── Data in this exercise

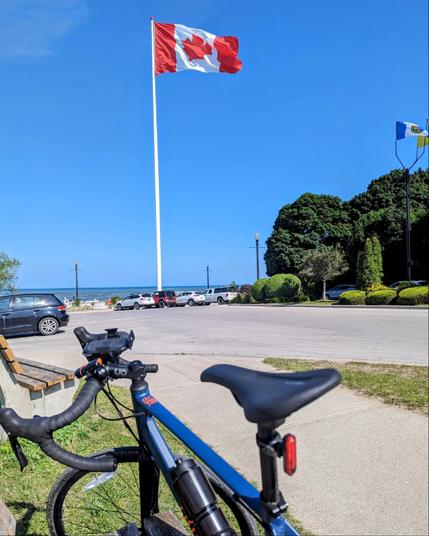 A photo of my bike in front of a giant Canadian flag, with the blue waters of Lake Huron in the background.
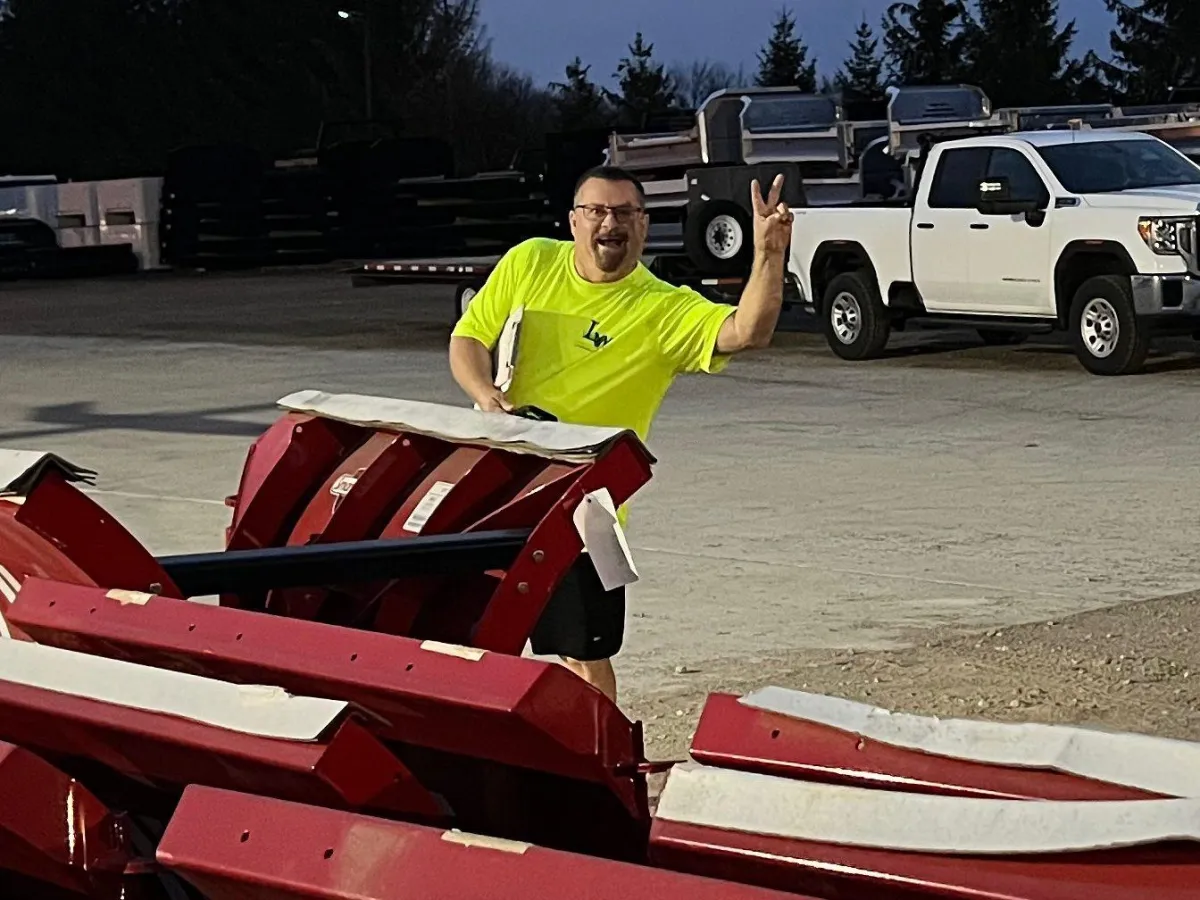 LW Snow Supply team group photo, diverse staff in branded winter gear, standing in front of company vehicles, cheerful expressions, snowy background, 3:2 aspect ratio.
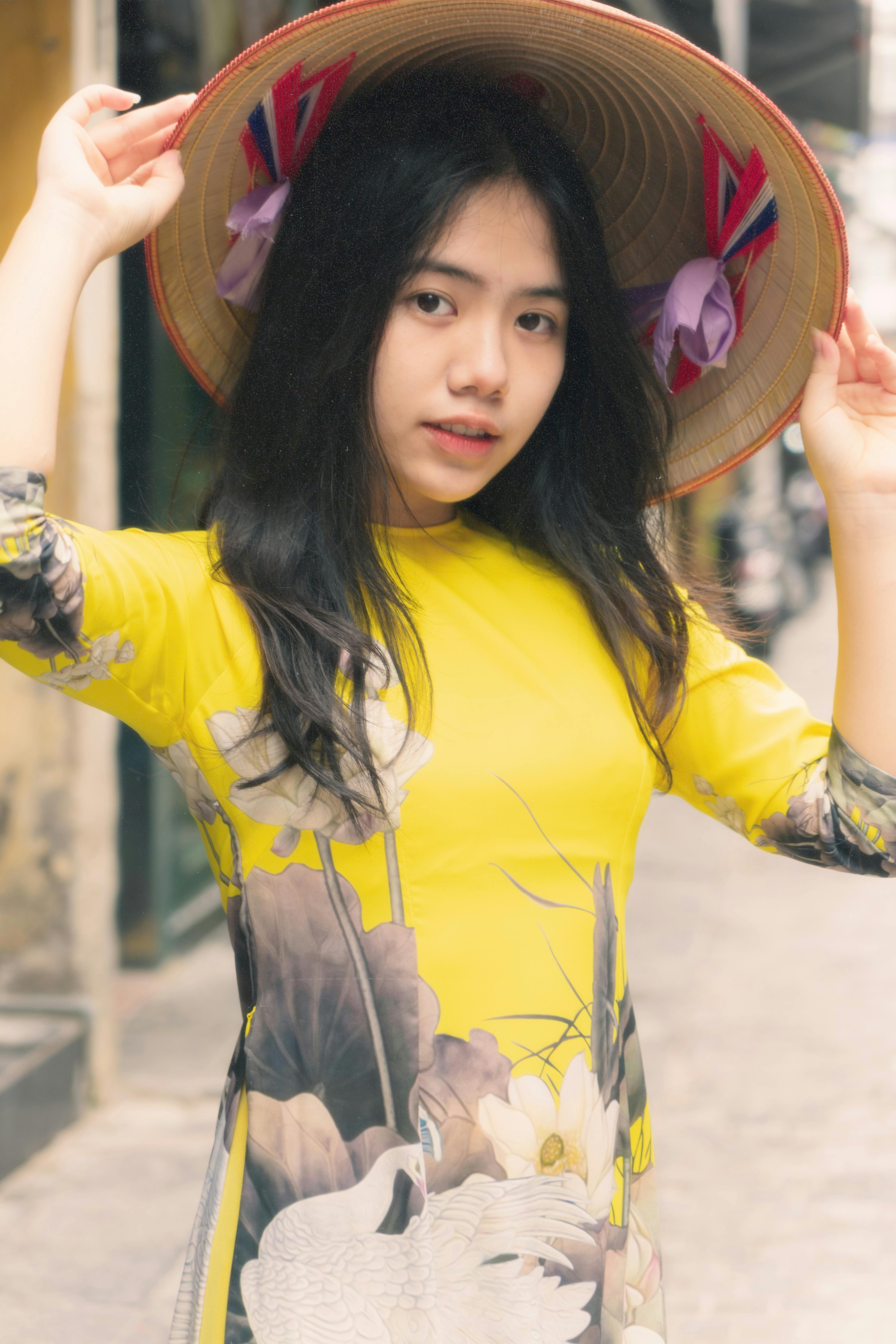 a pretty woman in yellow dress wearing a hat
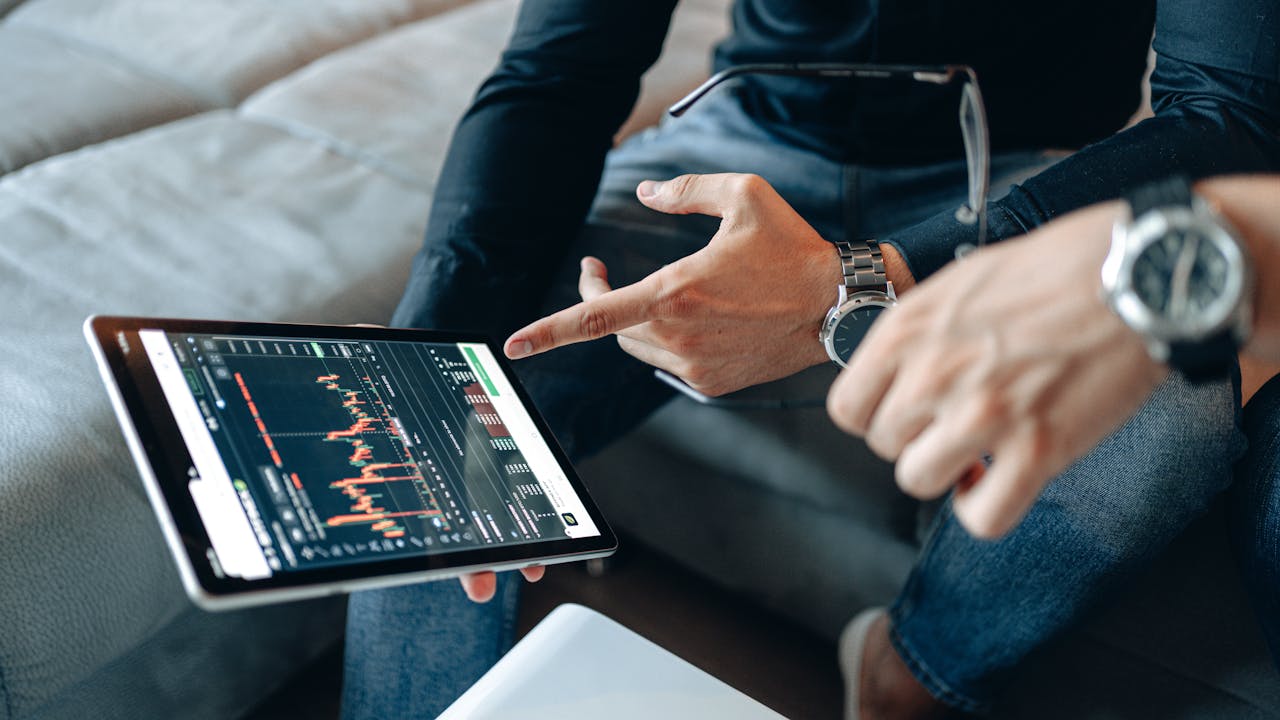 Two people discussing cryptocurrency data on a digital tablet.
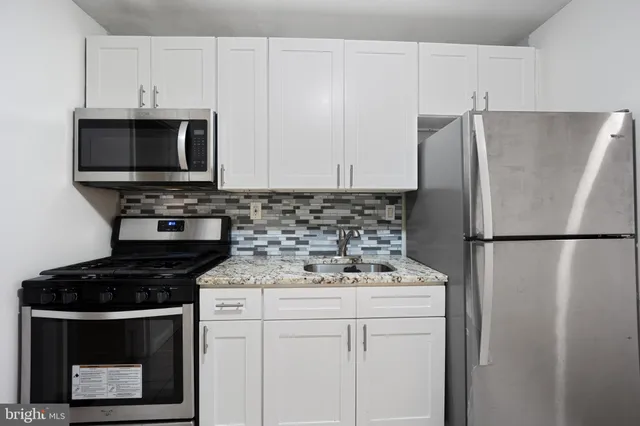 a kitchen with a refrigerator stove and cabinets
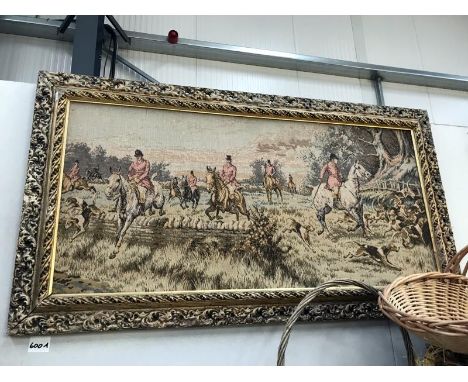 A framed tapestry depicting a hunting scene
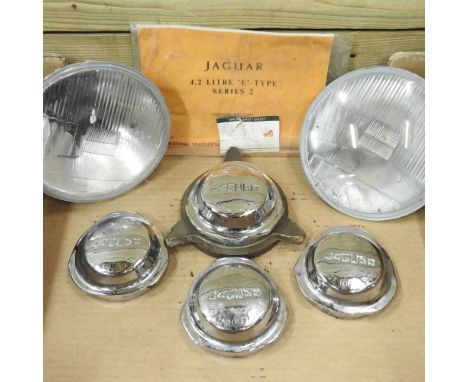 A set of four Jaguar E type chrome wheel centres, together with two headlights (2)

────

Exercise.
Print, exactly and only, the lines running from the line with "a pretty woman in yellow dress wearing a hat" through the last line of the data, including both. Skip any picture.

Response area.
 a pretty woman in yellow dress wearing a hat
 Two people discussing cryptocurrency data on a digital tablet.
 a kitchen with a refrigerator stove and cabinets
 A framed tapestry depicting a hunting scene
 A set of four Jaguar E type chrome wheel centres, together with two headlights (2)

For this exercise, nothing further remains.